____ Data extracts

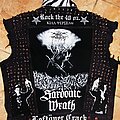 Darkthrone - Battle Jacket - The Sardonic Wrath of Leftover Crack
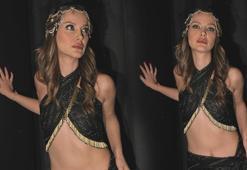 İrem Helvacıoğlu'ndan sevindiren haber! 3 aylık hamile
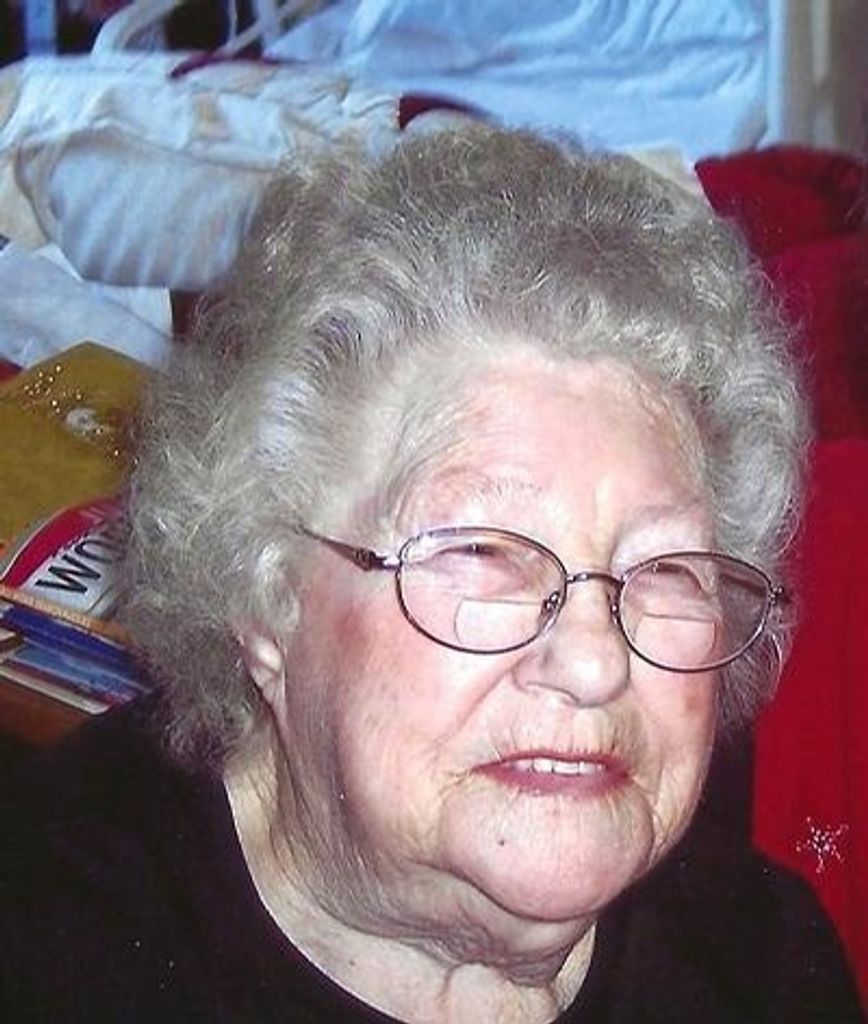 Naomi Marguerite (Jennings) Flett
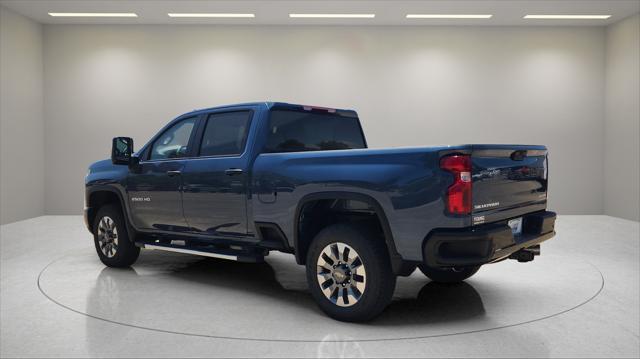 new 2025 Chevrolet Silverado 2500 car, priced at $63,750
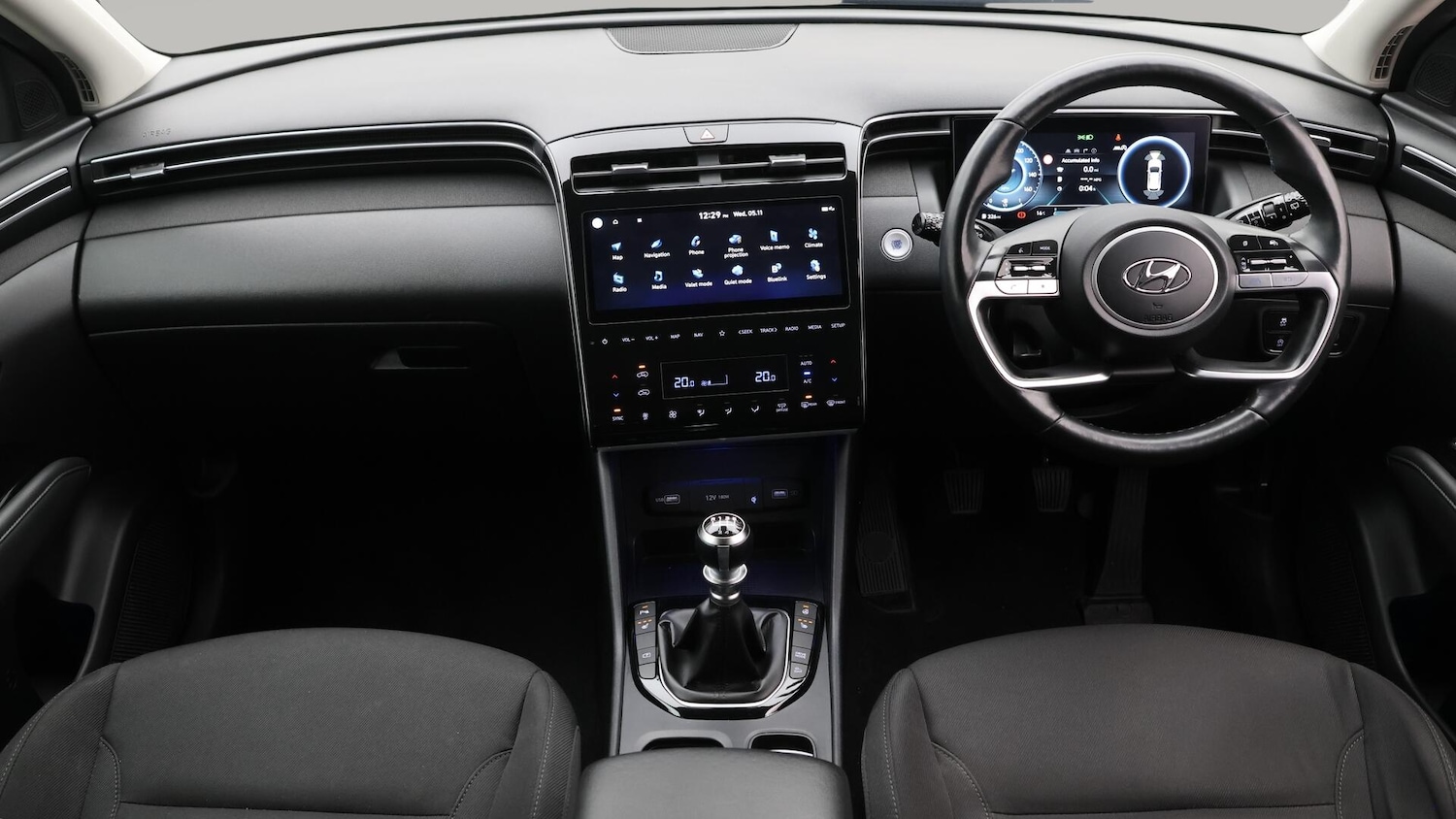 Used Hyundai TUCSON 2021 for sale - 76499843: Photo 14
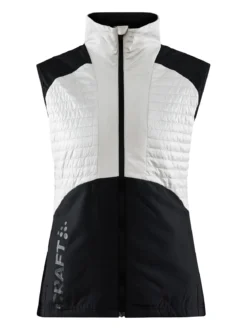 Women's ADV Storm Insulate XC Vest - ASH/BLACK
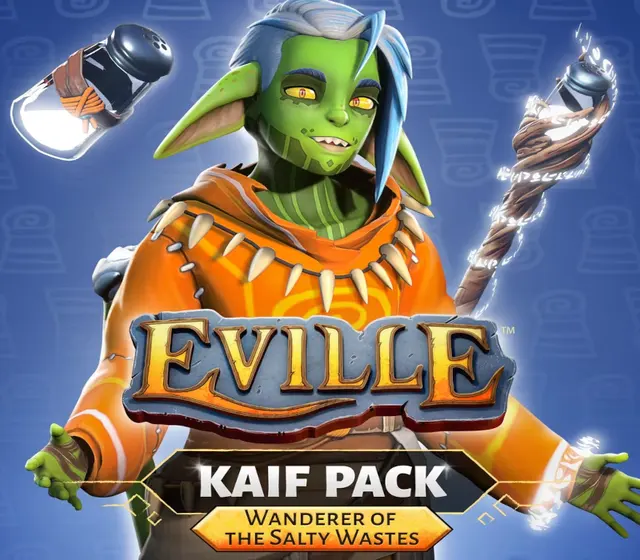 Eville - Kaif Pack DLC — Steam, Standard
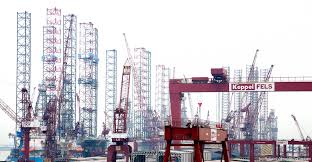 Keppel marina east desalination plant named 'desalination. Keppel Leadership Changes Announced Ceos To Step Down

________

◆ **The problem**
For this exercise, reproduce the data above exactly from the line containing "Women's ADV Storm" through its final line, both ends included, with no pictures in the copy.

◆ **Output for this task**
 Women's ADV Storm Insulate XC Vest - ASH/BLACK
 Eville - Kaif Pack DLC — Steam, Standard
 Keppel marina east desalination plant named 'desalination. Keppel Leadership Changes Announced Ceos To Step Down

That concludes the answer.